Nelson had a crew of tax accountants who did most of the actual investigating for him. All he had to do was coordinate and follow it up.
James Dallas Egbert III disappearance had nothing whatsoever to do with D&D . That so called “detective” got every single fact wrong.
Dear didn’t find Egbert, Egbert found Dear. Egbert called him.
Dear later capitalized on his errors by calling his book - The Dungeon Master: The Disappearance of James Dallas Egbert III i even tho D&D had nothing do do with it.

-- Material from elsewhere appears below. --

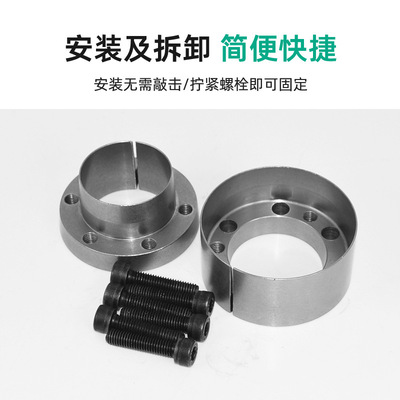 传斯浮厂家胀紧套TLK350胀套Z21 ZAKTR105涨套涨紧连接套免键轴套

Of that list I’d say William Burns,Raymond C. Schindler, and Ignatius Pollaky would qualify,
John Douglas, the FBI agent who wrote a whole bunch of books and is the basis of Mindhunter, which was a TV show, is a detective of a sort. That’s the only one I can think of.
There are no bathrooms.
bathrooms do not exist, only implied.
Except on the Brady Bunch.
Where there are no toilets.
Marsha held it in, until she reached 30.
Then, exploded.
An old Leave It to Beaver episode had Wally and Beaver owning a baby alligator. They kept it in the toilet tank in the bathroom adjacent to their bedroom.
Anyone who makes friends with Jessica Fletcher gets murdered, framed for murder, or put on trial for murder.
All in the Family was kind of ground breaking in that they featured occasional toilet-flushing noise (usually to go along with the dialog), though the bathroom was rarely if ever actually shown.
One oddity is that females did not start having explicitly mentioned periods until the late 70s or early 80s – except in ads for feminine hygiene products, which were abundant. A boy with no sisters or much exposure to women could easily be confused as to what that shit was about.
though quite circumspect about what was being talked about
However, the liquids they were shown to absorb were inevitably blue; certainly never seen that in real life.
Women were the original blue-bloods.
Some men still are! I’ve heard some men believe that women can willingly control the flow of their periods, like peeing, I guess.
Or whether they get pregnant when raped.
A lot of people still had B&W TVs then. That medium blue stood out well on both color as well as B&W.
AND didn’t remind you that you were talking about, y’know, eewww.
Also, since it was a clear liquid, red might make one think of punch or kool-ade, whereas blue reminds one of bleach.